Like before, there are multiple phases occurring at different temperatures. At the highest temperature, tones are completely disordered. As the temperature is decreased, a 5edo system develops, followed a 7edo system, until finally the familiar 12edo system appears. The tones organize into “domains” which are predominantly a single note, and there are boundaries between the domains where the note changes.
The XY model is particularly known for “vortices”. Without really getting into what that means, here a vortex looks like a point where 3 or more domains intersect (labeled with triangles or circles in Fig 5B). These might be taken to represent chords. So without telling the simulation to create any chords, major and minor chords naturally appear.
I think this is all really neat, and I hope that comes across even if the reader isn’t familiar with statistical physics. Sadly I remain very skeptical that this physical model is a good description of music in the real world.
This is interesting but unpersuasive without empirical backing. I know very little about music (I never practiced an instrument for one thing) but I am always curious about claims of how people process music and how much is subjective or objective. E.g., I’ve heard that those who grew up with the Western scale can’t really appreciate Gamelan music when they hear it. That’s plausible and interesting, but I’m not sure how this is demonstrated (maybe with brain MRI on the listeners, or maybe just checking if they can spot “mistakes”). It doesn’t mean that anyone can’t listen to Gamelan and enjoy it, but (I’m guessing here) it may be a little like listening to wind chimes if you didn’t grew up with it: pleasant, but arbitrary.

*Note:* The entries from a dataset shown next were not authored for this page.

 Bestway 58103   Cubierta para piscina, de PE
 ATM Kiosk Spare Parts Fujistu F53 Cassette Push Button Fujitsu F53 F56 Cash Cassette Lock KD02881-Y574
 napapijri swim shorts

I don’t fully understand what the model above can generate. Can it produce auditory examples of harmony and discord? It seems like the best way to evaluate these claims would be to take listeners exposed to different forms of world music (since you are unlikely to find an adult with no exposure to any music) and for a low tech approach, give them a survey with some general questions about how they react to it. For a high tech approach, maybe do an MRI and see what parts of their brain are reacting and how. Without testing this theory on actual human listeners, it seems purely speculative.

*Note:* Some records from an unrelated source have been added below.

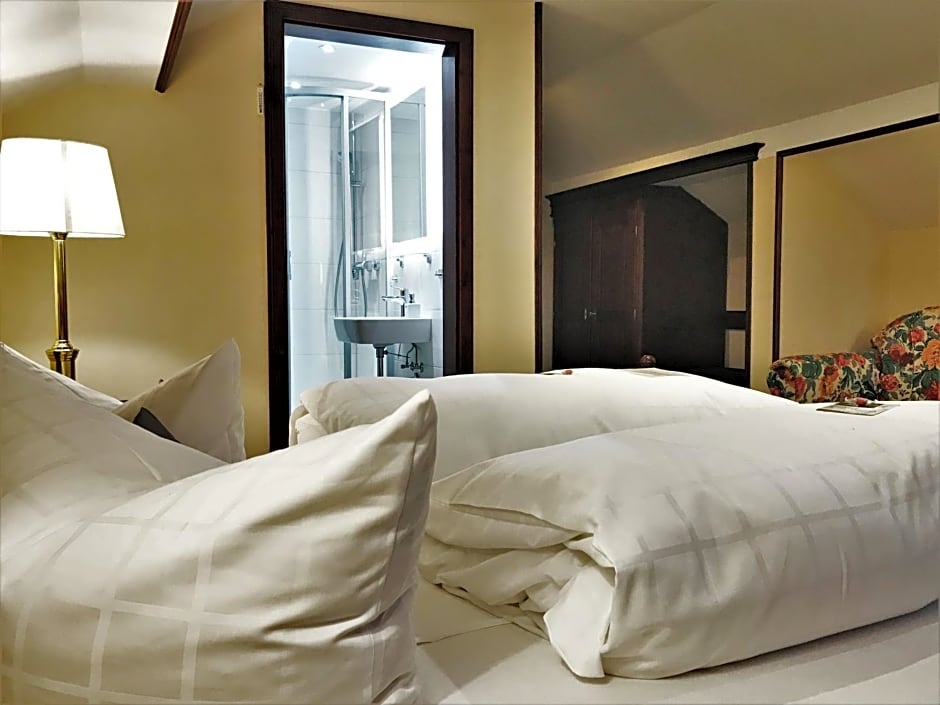 Flair-Hotel Waldfrieden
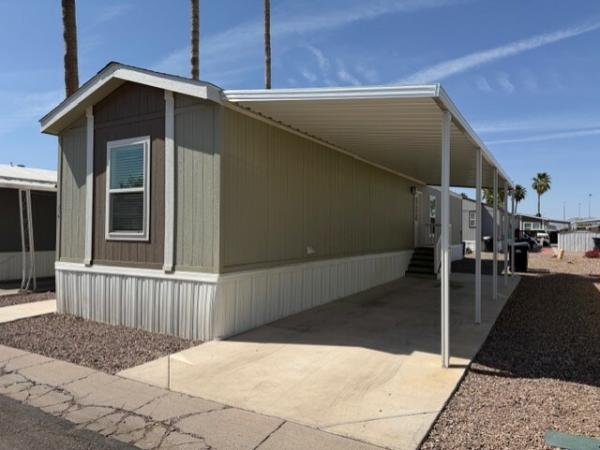 2024 Clayton - Buckeye Mobile Home For Sale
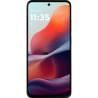 Smartphone Motorola Moto G15 XT2521-2 Dual SIM 4GB+512GB 6.72″ - Salt Air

I majored in music composition and theory a long time ago. This is interesting, I’ll try to check out the paper at some point.
But right off I’m skeptical of “minimizing dissonance” as anything like a universal goal in music, even western music. Not only does it ignore 20th century composers like Stravinksy, going all the back to Bach a lot of the music involved setting up dissonances and resolving them in specific ways.
Ignoring rhythmic and temporal structures seem like ignoring the dynamic nature of the art. Music moves. Actually, I’ve always thought chaos theory/strange attractors/fractals would be a more fruitful approach.
This kind of approach reminds me of an old joke about Wagner’s music–“it’s better than it sounds.”
@PaulBC,
If you check out the paper, at the very bottom there are a couple mp4 files attached with audio files. Don’t expect too much out of them, but they do show how you might generate audio files from their simulation.
The empirical studies of dissonance don’t use brain scans of any sort, they just ask people directly. Seems a lot simpler that way, honestly.
@feralboy12,
I’m skeptical of the premises of the framework, but I don’t actually have an issue with the mean field approximation, which is a good starting point. The mean field approximation isn’t assuming that music doesn’t move. Rather, it’s treating each note as being independently drawn from the same probability distribution. The approximation ignores the effect of the temporal structure when calculating that probability distribution, but a song generated from this probability distribution would nonetheless have a temporal structure.
I mean, I don’t think a song generated from the mean field theory will sound much like a song composed by a human. But it would be interesting if the mean field approximation at least got the distribution of notes right.